15 February 2016 - 28 February 2016 > 14 days
Travel report of our safari to Uganda.
Report is ready, photos ... are coming !
Day 1 - Flight from Amsterdam to Entebbe.
Today we fly to Entebbe International Airport and arrive late at the Airport Guesthouse. It's exhilarating to be in Africa again. It's our fist visit to Uganda and we look forward to seeing the Shoebill stork and lots of other birds and mammals.
Officially the bar is closed at the Airport Guesthouse but the manager is happy to serve is some chilled white wine and we enjoy the peaceful evening and thoughts about what lies ahead of us.
Day 2 - Travelday to Ziwa Rhina Sanctuary. Ending in Amaku Safari Lodge.
After breakfast we meet with our driver/guide and get our luggage to the car. The standard safari-vehicle in Uganda is a van, not a landcruiser as we were used to in Tanzania.
Early afternoon we arrive at Ziwa Rhino Sanctuary. With an armed ranger we go looking for one of the white rhino that live in the sanctuary. They all have 24/7 protection so it's not too difficult to find them. On foot we walk up to a mother and two youngsters. We can approach them pretty close, about 7 meters!
As it's still hot they are lying down, waiting for it to cool so they can go for a drink. The youngsters get restless and nudge the mother to get up. She does get up, turns around for a bit and lies down again. Still too hot for her (and we agree).
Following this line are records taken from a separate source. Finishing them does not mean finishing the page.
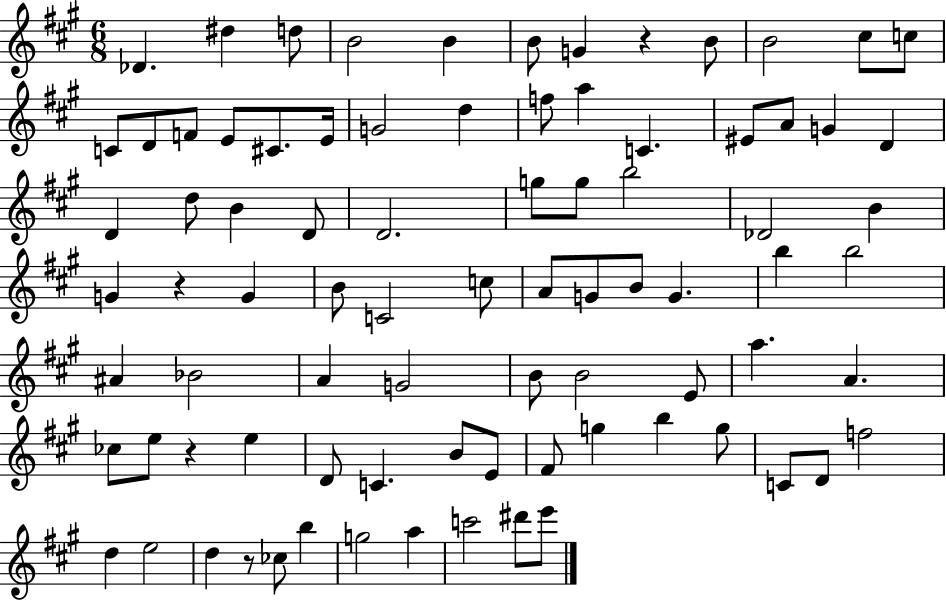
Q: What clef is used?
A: treble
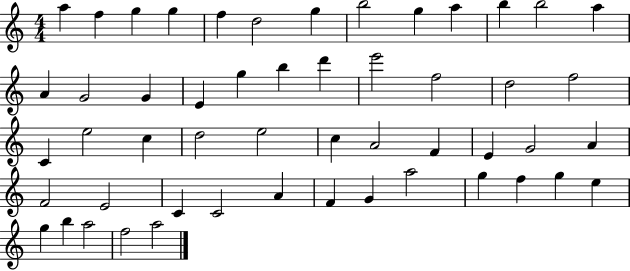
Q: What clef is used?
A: treble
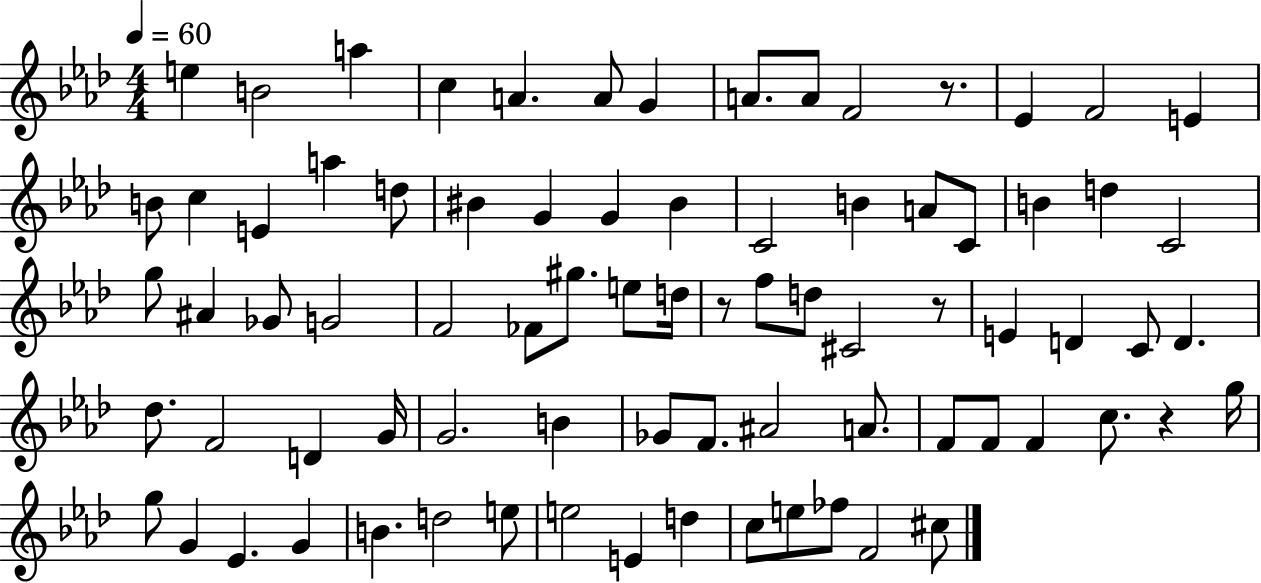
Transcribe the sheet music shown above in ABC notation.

X:1
T:Untitled
M:4/4
L:1/4
K:Ab
e B2 a c A A/2 G A/2 A/2 F2 z/2 _E F2 E B/2 c E a d/2 ^B G G ^B C2 B A/2 C/2 B d C2 g/2 ^A _G/2 G2 F2 _F/2 ^g/2 e/2 d/4 z/2 f/2 d/2 ^C2 z/2 E D C/2 D _d/2 F2 D G/4 G2 B _G/2 F/2 ^A2 A/2 F/2 F/2 F c/2 z g/4 g/2 G _E G B d2 e/2 e2 E d c/2 e/2 _f/2 F2 ^c/2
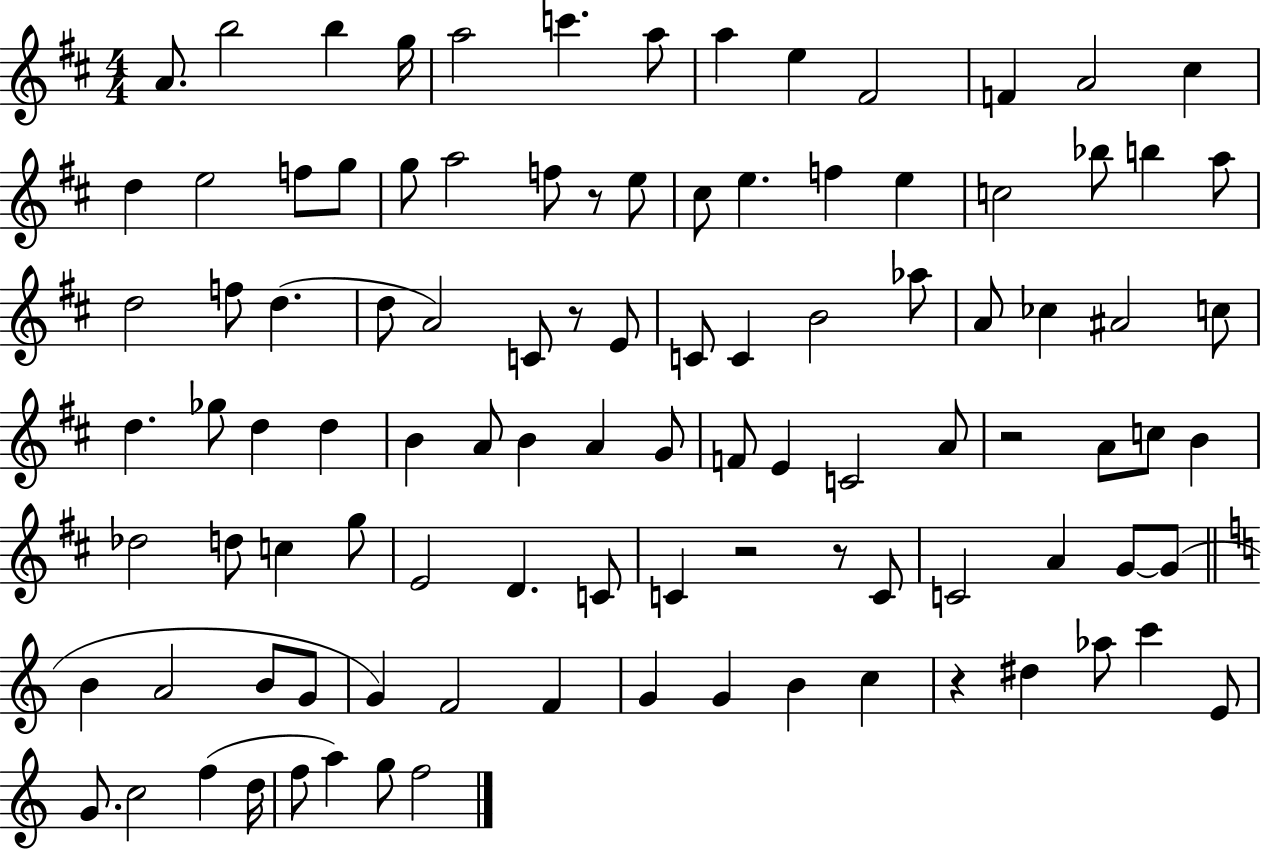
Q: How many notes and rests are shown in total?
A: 102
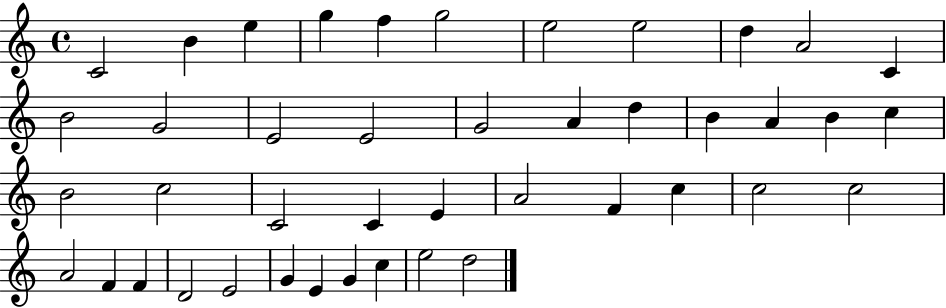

We go back to the Ziwa head office and receive boots and life jackets for our canoe trip the next morning. We drive to Amaku Safari Lodge where we will stay for the night. Sings remind you not to wander to far from the lodge as you're still in rhino territory and you might run into one.
Day 3 - Walking safari, boat safari. Traveling to Murchison Falls National Park with afternoon game drive.
This morning we wake up early as we're scheduled to leave at 6 am for our first chance of spotting the prehistoric Shoebill.
With a guide we walk through the marsh just outside the Ziwa sanctuary. It's a beautiful spot and very quiet. We see lots of birds but no shoebill. After the walk we go into the wetlands with a canoe. It is so very beautiful. The waterway is flanked by papyrus and water lelies. This waterway is part of the Lugogo River. We see African Jacana and Squacco Heron. Woodland, Malachite and Pied Kingfishers.
We did not see the Shoebill but recommend this early boat trip to everyone visiting Ziwa. It's a very beautiful place with lots of other birds.
After breakfast at Amaku Safari Lodge we leave for our next destination: Murchison Falls National Park.
After 4 hours we arrive at Murchison River Lodge where we will stay for 2 nights. In the afternoon we cross the White Nile River and head out for our first game drive. And right away we see lots of animals: Waterbuck, Oribi, Jackson's Hartebeest, Ugandan Kob, Northern Ground-hornbill. It's a beautiful park with little hills, grassland and rivers.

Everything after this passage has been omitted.